# Requirement:
Report, as a bare number, how many lines in the data contain "field".

◇ ◇ ◇ ◇ ◇

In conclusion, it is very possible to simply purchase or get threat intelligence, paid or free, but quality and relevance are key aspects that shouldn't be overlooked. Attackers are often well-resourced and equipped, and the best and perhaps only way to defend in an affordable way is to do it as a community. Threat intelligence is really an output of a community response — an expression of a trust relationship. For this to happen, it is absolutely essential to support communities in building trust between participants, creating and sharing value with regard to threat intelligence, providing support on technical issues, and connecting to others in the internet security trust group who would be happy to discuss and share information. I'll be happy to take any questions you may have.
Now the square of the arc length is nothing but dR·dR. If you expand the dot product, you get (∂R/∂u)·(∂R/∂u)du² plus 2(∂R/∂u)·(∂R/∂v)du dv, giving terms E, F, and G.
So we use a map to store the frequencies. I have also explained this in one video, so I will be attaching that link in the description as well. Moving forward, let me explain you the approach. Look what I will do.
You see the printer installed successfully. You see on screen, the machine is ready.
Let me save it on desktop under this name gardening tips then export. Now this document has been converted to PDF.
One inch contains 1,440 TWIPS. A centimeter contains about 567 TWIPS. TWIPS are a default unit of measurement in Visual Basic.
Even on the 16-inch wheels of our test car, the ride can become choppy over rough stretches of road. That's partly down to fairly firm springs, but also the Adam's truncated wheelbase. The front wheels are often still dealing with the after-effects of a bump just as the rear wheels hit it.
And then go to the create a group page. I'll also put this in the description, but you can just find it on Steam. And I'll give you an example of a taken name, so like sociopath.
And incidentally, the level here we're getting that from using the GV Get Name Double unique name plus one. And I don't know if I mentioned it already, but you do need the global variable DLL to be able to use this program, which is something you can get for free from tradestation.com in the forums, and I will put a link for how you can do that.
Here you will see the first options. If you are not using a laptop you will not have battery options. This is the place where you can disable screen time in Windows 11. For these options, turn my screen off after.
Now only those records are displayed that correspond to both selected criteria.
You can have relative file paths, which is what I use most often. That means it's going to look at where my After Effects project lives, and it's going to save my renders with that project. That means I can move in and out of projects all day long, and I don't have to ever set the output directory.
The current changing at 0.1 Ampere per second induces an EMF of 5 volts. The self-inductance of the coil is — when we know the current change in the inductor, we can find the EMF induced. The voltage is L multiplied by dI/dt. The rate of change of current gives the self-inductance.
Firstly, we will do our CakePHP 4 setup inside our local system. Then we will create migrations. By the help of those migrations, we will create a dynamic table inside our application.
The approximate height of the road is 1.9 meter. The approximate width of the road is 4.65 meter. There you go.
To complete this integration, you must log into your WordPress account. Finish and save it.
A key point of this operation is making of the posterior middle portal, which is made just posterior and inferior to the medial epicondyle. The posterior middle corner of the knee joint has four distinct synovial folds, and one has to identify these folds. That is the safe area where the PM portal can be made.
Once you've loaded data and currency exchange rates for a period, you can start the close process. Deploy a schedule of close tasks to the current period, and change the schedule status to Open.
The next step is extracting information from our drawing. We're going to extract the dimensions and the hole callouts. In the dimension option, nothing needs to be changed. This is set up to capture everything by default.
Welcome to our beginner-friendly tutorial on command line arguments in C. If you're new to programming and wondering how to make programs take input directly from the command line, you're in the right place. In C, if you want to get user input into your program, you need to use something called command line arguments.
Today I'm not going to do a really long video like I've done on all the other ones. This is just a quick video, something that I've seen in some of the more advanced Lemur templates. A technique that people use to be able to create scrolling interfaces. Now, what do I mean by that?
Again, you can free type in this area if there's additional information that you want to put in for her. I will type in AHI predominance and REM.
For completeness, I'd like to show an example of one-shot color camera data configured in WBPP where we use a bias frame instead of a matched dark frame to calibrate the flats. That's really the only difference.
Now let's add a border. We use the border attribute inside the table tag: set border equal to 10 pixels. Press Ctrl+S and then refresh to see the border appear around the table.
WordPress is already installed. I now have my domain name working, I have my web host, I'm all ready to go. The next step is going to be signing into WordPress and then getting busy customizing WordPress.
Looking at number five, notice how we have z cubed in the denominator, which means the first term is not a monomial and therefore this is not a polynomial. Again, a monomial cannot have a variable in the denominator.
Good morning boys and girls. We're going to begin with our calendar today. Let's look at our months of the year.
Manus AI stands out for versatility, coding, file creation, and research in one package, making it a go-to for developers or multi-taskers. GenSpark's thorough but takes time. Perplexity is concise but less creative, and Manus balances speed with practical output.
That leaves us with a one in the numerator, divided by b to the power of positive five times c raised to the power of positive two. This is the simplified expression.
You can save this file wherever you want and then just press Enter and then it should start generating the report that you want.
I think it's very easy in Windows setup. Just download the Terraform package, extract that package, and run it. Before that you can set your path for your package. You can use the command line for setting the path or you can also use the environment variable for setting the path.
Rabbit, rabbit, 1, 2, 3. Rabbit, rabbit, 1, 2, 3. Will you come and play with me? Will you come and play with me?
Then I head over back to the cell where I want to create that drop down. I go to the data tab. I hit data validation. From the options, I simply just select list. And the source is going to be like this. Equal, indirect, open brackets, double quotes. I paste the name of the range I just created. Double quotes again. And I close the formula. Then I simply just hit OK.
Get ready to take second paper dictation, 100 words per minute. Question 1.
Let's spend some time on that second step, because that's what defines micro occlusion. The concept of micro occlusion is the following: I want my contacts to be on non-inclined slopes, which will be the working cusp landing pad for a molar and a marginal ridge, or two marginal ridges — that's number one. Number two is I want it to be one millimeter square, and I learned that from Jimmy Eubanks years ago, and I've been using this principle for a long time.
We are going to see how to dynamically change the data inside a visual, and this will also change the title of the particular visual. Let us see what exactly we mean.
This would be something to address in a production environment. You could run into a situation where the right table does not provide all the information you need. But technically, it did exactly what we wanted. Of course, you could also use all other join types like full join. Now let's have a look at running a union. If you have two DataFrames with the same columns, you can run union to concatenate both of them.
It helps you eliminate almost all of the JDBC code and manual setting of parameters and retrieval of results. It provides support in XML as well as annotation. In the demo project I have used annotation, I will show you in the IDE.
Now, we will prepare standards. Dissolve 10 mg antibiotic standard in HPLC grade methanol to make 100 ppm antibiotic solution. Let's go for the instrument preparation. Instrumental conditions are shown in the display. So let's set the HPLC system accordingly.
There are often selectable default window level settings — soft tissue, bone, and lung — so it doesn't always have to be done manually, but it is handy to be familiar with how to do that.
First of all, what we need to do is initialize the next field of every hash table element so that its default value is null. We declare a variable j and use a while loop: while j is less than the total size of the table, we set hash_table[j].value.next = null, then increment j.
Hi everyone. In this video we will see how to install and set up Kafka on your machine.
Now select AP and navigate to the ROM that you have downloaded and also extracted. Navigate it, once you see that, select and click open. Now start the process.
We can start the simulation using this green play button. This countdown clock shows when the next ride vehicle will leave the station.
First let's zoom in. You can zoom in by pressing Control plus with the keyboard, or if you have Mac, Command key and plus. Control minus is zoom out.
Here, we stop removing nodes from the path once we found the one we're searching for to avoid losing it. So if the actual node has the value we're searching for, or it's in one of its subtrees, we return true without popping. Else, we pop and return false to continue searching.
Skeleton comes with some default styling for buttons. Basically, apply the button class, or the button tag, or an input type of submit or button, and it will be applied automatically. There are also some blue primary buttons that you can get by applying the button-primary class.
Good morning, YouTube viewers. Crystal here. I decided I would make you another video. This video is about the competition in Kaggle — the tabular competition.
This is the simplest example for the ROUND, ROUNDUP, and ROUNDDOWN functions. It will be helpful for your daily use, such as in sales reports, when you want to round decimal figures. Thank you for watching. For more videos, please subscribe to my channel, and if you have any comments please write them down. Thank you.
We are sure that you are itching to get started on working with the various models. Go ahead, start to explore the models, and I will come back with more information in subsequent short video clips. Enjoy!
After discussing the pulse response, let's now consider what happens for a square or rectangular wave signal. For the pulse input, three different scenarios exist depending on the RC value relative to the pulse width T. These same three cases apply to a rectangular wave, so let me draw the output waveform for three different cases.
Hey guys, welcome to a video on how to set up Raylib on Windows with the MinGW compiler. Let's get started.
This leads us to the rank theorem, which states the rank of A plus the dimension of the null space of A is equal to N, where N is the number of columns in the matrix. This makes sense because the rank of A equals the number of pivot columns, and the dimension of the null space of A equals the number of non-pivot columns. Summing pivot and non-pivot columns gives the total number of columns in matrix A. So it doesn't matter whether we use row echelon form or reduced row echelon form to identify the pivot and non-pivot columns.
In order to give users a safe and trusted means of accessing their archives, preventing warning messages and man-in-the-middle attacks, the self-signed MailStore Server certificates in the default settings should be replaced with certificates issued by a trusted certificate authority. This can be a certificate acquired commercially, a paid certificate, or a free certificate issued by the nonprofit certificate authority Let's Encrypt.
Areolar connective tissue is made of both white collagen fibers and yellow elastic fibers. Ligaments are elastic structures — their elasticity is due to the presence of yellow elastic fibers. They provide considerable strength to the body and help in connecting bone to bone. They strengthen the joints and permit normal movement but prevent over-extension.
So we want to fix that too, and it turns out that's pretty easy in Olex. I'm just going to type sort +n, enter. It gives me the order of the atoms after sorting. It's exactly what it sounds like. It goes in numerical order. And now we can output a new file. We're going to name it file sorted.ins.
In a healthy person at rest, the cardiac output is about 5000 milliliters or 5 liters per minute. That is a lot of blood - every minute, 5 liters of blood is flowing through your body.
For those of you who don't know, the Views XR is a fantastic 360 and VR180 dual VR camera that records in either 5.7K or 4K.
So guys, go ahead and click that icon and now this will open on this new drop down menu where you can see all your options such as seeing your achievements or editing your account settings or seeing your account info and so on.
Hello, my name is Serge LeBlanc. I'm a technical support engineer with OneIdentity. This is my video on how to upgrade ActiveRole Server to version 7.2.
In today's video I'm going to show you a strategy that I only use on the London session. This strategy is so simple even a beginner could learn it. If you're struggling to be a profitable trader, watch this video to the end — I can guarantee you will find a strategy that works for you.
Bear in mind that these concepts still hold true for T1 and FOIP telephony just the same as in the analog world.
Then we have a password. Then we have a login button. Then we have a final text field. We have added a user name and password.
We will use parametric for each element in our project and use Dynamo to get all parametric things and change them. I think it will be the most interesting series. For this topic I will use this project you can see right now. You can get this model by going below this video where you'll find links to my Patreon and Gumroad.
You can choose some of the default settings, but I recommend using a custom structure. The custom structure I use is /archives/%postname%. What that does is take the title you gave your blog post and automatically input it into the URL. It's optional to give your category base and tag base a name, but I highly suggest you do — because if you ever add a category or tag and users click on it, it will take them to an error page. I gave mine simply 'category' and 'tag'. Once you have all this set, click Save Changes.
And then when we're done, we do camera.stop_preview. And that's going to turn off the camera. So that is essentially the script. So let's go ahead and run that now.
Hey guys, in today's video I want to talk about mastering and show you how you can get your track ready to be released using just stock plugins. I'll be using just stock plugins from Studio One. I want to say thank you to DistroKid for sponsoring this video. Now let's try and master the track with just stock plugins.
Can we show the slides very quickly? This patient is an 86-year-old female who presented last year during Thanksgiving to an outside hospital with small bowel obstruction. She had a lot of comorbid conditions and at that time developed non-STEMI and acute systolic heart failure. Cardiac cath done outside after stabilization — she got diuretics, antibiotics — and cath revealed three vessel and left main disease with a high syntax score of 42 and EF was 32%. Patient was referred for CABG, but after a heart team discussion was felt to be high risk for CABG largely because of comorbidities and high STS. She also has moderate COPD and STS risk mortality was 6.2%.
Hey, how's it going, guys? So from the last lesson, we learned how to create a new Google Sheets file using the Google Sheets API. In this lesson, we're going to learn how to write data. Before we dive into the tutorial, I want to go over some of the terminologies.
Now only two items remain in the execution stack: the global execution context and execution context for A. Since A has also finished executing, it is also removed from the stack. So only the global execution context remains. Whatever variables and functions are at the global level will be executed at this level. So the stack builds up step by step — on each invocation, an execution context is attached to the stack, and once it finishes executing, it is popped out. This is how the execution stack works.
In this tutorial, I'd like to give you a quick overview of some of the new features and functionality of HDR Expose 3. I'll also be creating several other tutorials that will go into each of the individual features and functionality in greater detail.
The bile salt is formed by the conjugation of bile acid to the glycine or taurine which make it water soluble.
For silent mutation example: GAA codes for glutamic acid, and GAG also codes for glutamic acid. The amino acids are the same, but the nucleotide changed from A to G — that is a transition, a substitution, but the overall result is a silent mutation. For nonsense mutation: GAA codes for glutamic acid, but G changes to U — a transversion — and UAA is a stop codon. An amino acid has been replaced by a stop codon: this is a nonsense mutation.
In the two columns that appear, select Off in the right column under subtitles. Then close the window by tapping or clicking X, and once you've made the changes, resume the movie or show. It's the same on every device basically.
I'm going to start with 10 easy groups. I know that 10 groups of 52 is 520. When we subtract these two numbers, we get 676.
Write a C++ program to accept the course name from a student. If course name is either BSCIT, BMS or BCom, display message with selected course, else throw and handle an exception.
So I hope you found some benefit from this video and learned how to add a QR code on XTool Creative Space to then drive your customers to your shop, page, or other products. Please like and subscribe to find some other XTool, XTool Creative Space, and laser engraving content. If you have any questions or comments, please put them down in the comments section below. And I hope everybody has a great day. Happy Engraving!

◇ ◇ ◇ ◇ ◇

# Response box:
2